------ Task inputs

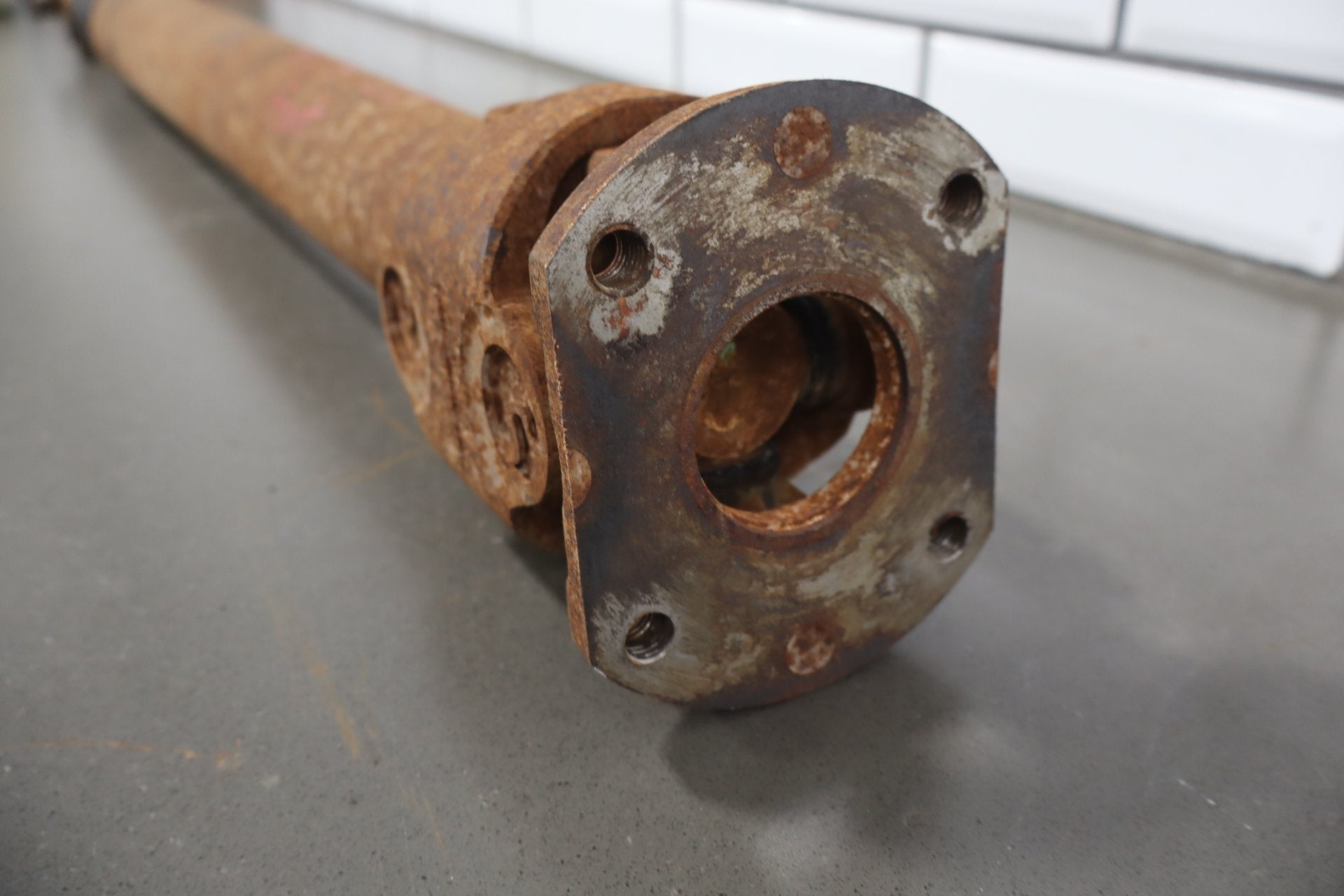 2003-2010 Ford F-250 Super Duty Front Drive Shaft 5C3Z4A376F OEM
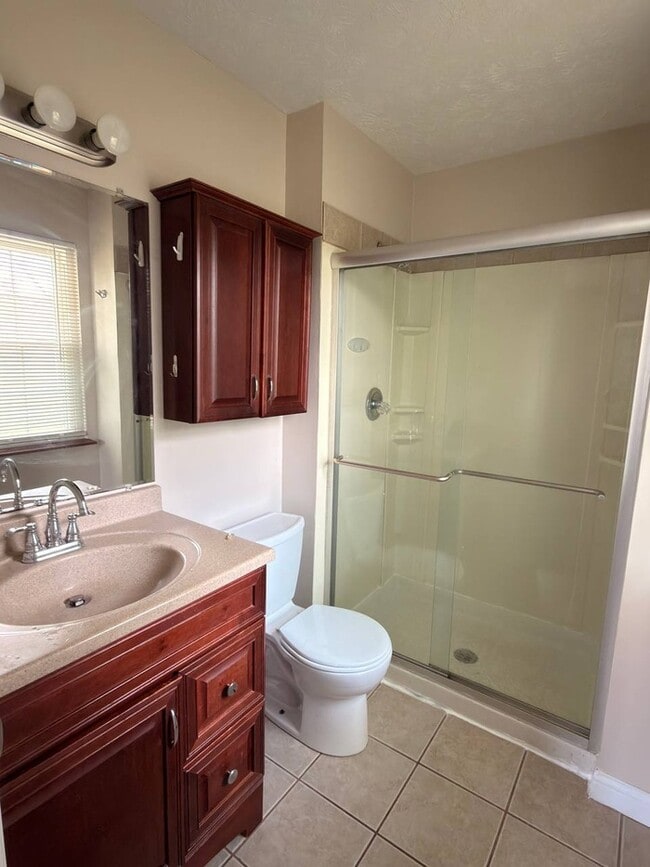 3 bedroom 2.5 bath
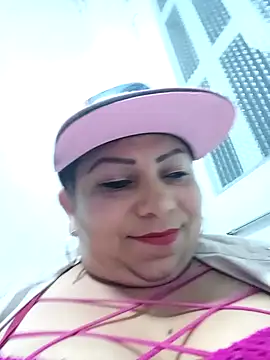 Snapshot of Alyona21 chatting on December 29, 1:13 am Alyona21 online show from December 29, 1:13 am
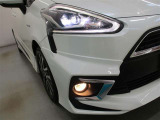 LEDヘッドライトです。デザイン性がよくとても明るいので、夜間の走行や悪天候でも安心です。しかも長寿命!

------------
------ Task inputs

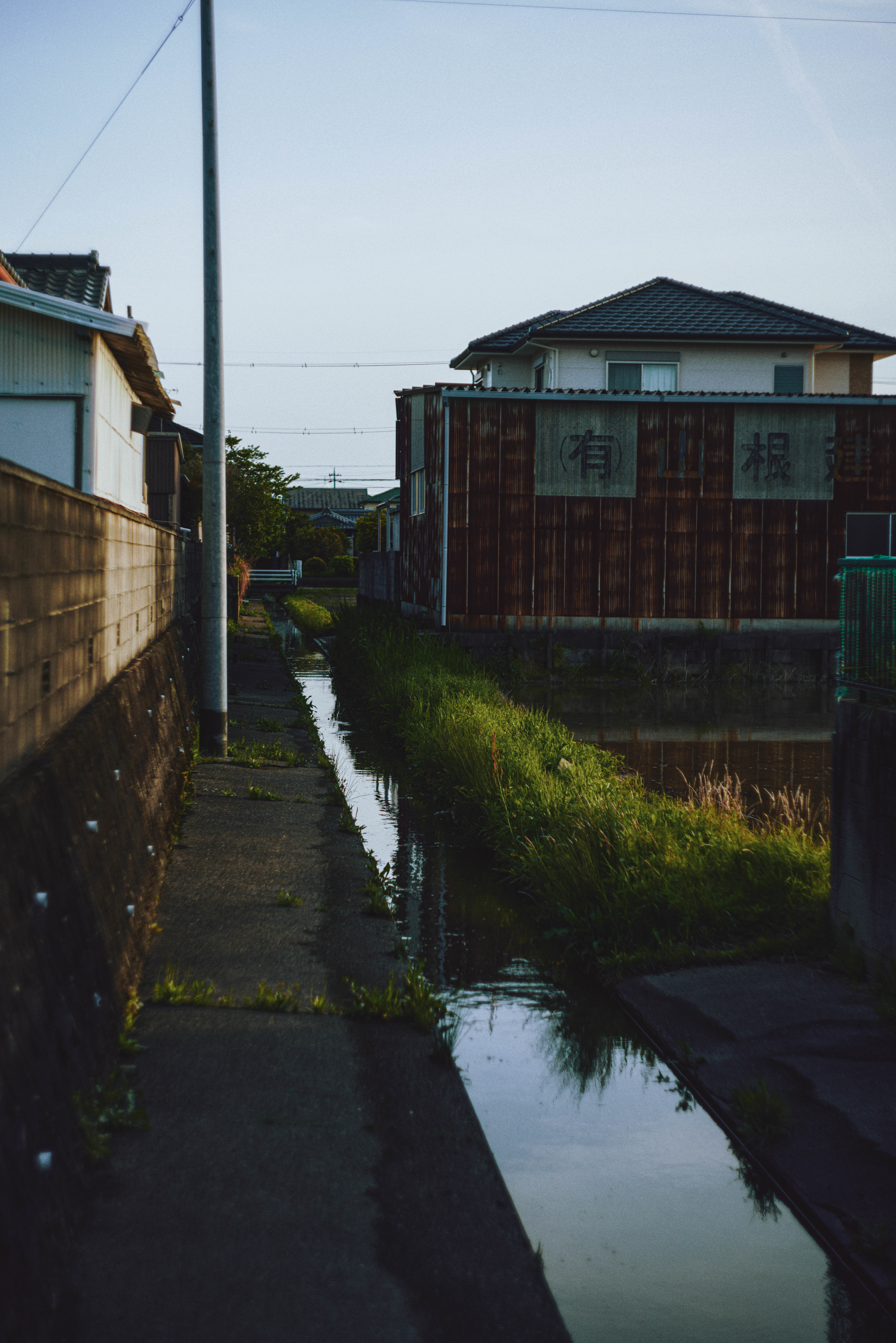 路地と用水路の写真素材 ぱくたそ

------------

--- Your objective ---
Reproduce the entries exactly, from the line with "2003-2010 Ford F-250" to the line with "LEDヘッドライトです。デザ", both lines included, keeping no pictures.

--- Output for this task ---
 2003-2010 Ford F-250 Super Duty Front Drive Shaft 5C3Z4A376F OEM
 3 bedroom 2.5 bath
 Snapshot of Alyona21 chatting on December 29, 1:13 am Alyona21 online show from December 29, 1:13 am
 LEDヘッドライトです。デザイン性がよくとても明るいので、夜間の走行や悪天候でも安心です。しかも長寿命!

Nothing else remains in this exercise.